━━ DATA SUPPLIED

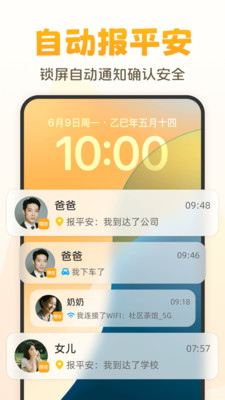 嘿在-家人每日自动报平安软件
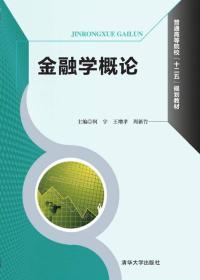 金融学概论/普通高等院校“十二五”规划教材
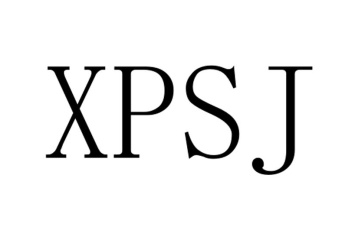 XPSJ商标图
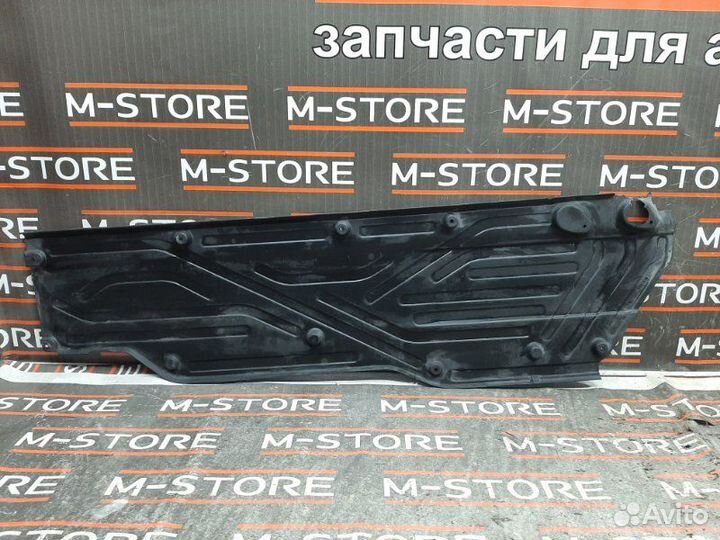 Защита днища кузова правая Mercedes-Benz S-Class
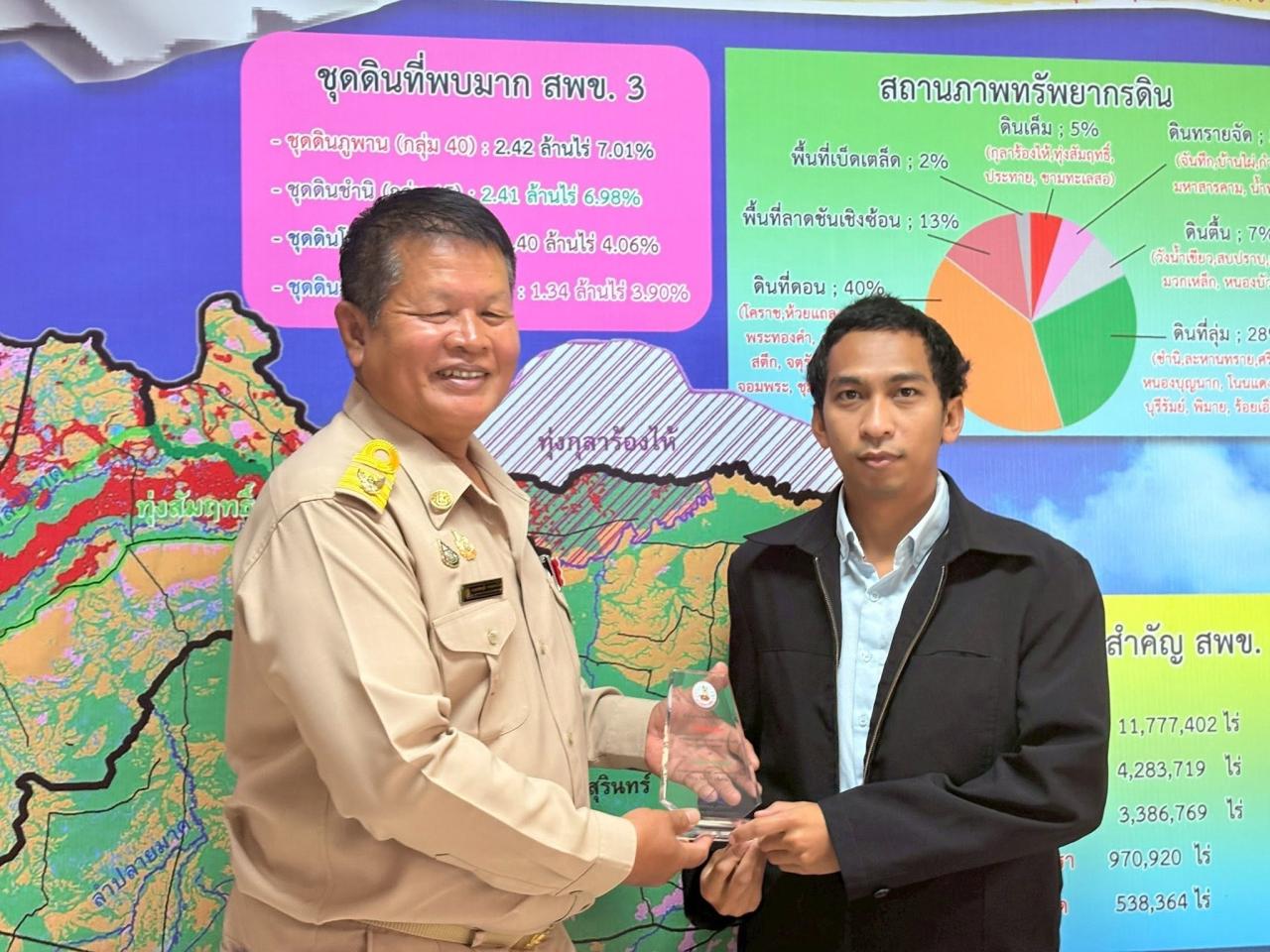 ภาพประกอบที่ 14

━━━━

- TASK ITEM: With the images left out, output all the entries above exactly.

- WRITTEN SOLUTION:
 嘿在-家人每日自动报平安软件
 金融学概论/普通高等院校“十二五”规划教材
 XPSJ商标图
 Защита днища кузова правая Mercedes-Benz S-Class
 ภาพประกอบที่ 14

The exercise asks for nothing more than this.